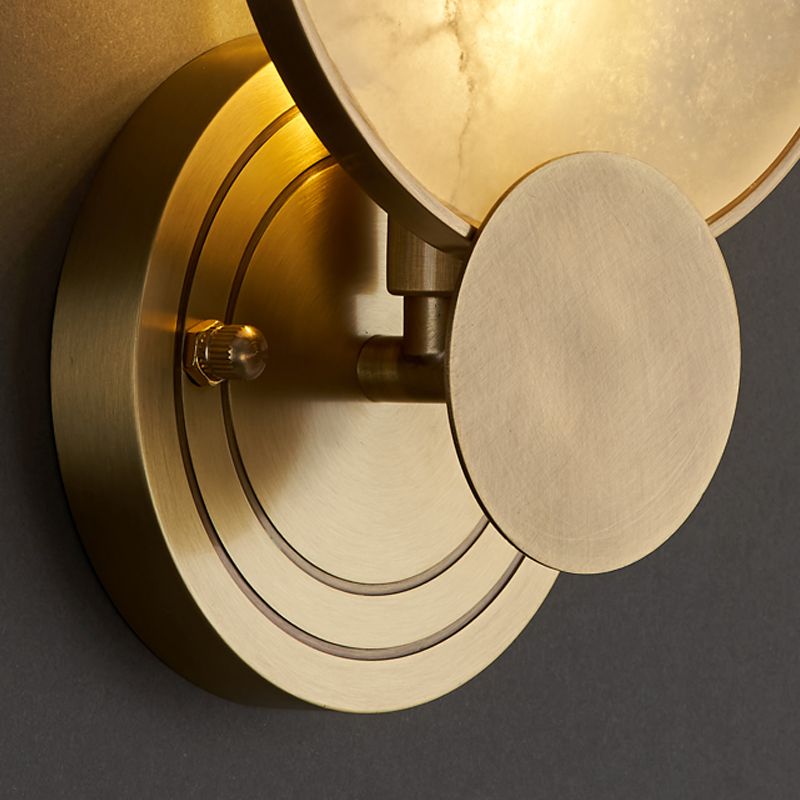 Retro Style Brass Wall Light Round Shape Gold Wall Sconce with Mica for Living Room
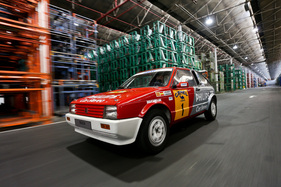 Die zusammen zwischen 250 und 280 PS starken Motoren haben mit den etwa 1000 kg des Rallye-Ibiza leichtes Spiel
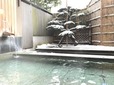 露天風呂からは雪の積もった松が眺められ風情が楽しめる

• _Try it_: Write out, word for word, only the lines from the one containing "Die zusammen zwischen" to the end of the data above; the pictures stay out.

• _Written response_:
 Die zusammen zwischen 250 und 280 PS starken Motoren haben mit den etwa 1000 kg des Rallye-Ibiza leichtes Spiel
 露天風呂からは雪の積もった松が眺められ風情が楽しめる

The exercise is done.